Actually, it's not quite accurate to say that Shelby Mustang production ended in '70. Carroll Shelby ended his involvement with the Shelby Mustang project a year earlier (early '69). The '70 model GT-500 series was built "in-house" by Ford, mainly from unused '69 Shelby component sets, instead of being done by Shelby's own shop. The '70 Shelbys weren't quite up to the quality of assembly, or the performance, of their predecessors, according to most Shelby experts.
After Shelby production "officially" ended in the 1970 model year, Ford went ahead with their own equivalent, the Mach 1 Mustang. It had been introduced in the '69 model year as a lower-cost alternative to the Shelby, and after '70 became the "flagship" model Mustang (although for the most part, the various "Boss" Mustangs outperformed it). While the Mach 1 name continued to the end of "Fox" Mustang production, most pony car fans agree the "real" Mach 1 lifespan ended in 1973, with the last production run of the 1971-73 third generation Mustang, aka the "Clydesdale".
As for the AMT kit, it started life as a revision of the 1967 Mustang Fastback annual mould. It was considered an "advanced" car model kit for its day (i.e., it didn't have a music-wire axle going through a hole in the engine block, and had an actual multipiece interior), and still holds up well against newer moulds like AMT's 1967 GT-350 and 1967 2+2 Fastback kits, both of which were cut in the late 1980s/ early '90s. BTW, the AMT moulds- all of them- get the lines of the '67/'68 fastback body closer to the real car than anybody elses', including the Monogram/Revell versions other than the '67 "Bullitt" Mustang GT.

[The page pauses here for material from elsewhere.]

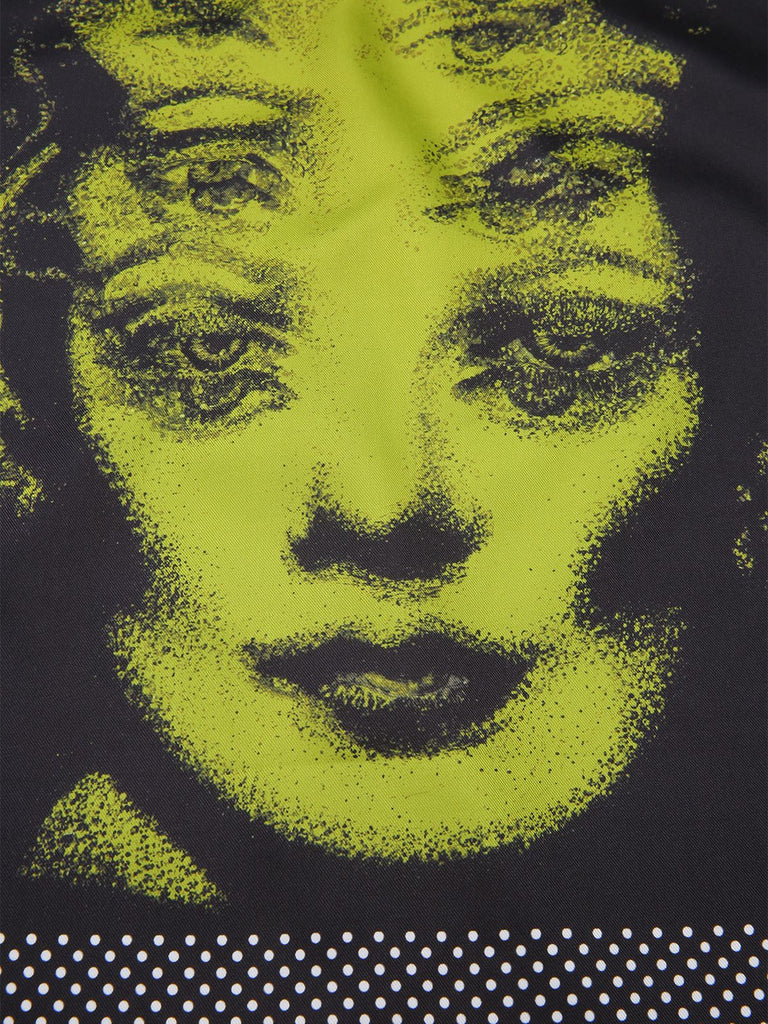 Robe noire à pois et imprimé visage années 1960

And if you're wondering, yes, I've built several of the '68 GT-500KRs over the years. In fact, one is sitting on top of my TV set right now. (In Model Master Custom Lacquer Shelby Dark Blue, of course.) ;-)
From: JeanA <jfa23@...>
Sent: Mon, June 28, 2010 2:40:30 PM
Subject: [Box-Art] Free Download Alert 28JUN10
Gee willikers boxsters, is everyone on vacation?
Only two posts since the last FD.
Anywho, this week the Chairman presents another goodie from the Golden Age of Models.
This weeks Free Download is the 1968 boxart from AMT of the much coveted Shelby GT500 Cobra. Based on the Ford Mustang the GT500 ran rings around most of the muscle cars of the day. The more common GT350 was actually part of the Hertz rental fleet during the Shelby 1966 production year run. They were made until 1970 when Shelby left Ford.
From my archives I found two new photos from the NASM at Dulles. I'm sure the Chairman will like one of them a lot.
All the images are 1280 pixels for PC compatibility.